Ermittlungen erbringen "perfide Einzelheiten"
13.000 Kinderporno-Dateien seien dem Bundeskriminalamt übergeben worden. Das insgesamt sichergestellte Datenvolumen betrage 14 Terabyte. Diese müssen jetzt noch weiter ausgewertet werden.
Mögliche Fürsorgeverletzung von Behörden
Der 56-Jährige Hauptbeschuldigte bekam 2016 vom zuständigen Jugendamt offiziell die Betreuung für das heute achtjährige Mädchen übertragen. Die Staatsanwaltschaft prüft, ob das Verhalten einzelner Behördenmitarbeiter strafrechtlich relevant ist.

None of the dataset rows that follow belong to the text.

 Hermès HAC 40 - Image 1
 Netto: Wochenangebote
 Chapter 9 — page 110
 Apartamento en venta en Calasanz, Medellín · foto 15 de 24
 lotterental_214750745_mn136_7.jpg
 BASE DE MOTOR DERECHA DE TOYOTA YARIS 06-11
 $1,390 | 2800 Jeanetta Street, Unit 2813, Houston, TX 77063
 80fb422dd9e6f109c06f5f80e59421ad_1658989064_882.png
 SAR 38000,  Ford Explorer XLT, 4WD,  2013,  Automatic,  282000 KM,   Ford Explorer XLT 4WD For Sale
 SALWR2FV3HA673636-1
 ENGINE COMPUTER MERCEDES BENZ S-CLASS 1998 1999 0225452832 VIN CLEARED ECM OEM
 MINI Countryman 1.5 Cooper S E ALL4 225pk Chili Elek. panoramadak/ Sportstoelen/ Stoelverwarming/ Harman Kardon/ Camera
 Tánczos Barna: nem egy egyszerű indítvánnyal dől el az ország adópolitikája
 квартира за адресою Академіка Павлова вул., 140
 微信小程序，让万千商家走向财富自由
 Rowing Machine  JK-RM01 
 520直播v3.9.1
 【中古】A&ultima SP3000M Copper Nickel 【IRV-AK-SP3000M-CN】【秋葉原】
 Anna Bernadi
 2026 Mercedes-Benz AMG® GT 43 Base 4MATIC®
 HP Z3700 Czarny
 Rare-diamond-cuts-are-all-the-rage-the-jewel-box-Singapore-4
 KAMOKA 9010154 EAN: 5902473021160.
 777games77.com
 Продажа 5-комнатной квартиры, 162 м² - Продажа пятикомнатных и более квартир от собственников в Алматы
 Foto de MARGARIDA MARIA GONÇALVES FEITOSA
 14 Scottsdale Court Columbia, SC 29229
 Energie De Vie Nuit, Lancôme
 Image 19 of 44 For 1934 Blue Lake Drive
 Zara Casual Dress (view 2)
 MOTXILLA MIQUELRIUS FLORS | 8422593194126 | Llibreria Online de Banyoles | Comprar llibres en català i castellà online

Jugendamt Lippe weist Vorwürfe zurück
Das Kreisjugendamt Lippe weist im Gespräch mit dem WDR am Mittwoch (30.01.2019) alle Vorwürfe von sich. "Für das Pflegeverhältnis war das Jugendamt nicht involviert, (...) Nach unseren Kriterien hätte der 56-jährige Dauercamper keine Pflegschaft erhalten", sagt Leiter Karl-Eitel John.
Der Kreis Lippe hat ein Beratungstelefon mit pädagogischen Fachkräften eingerichtet.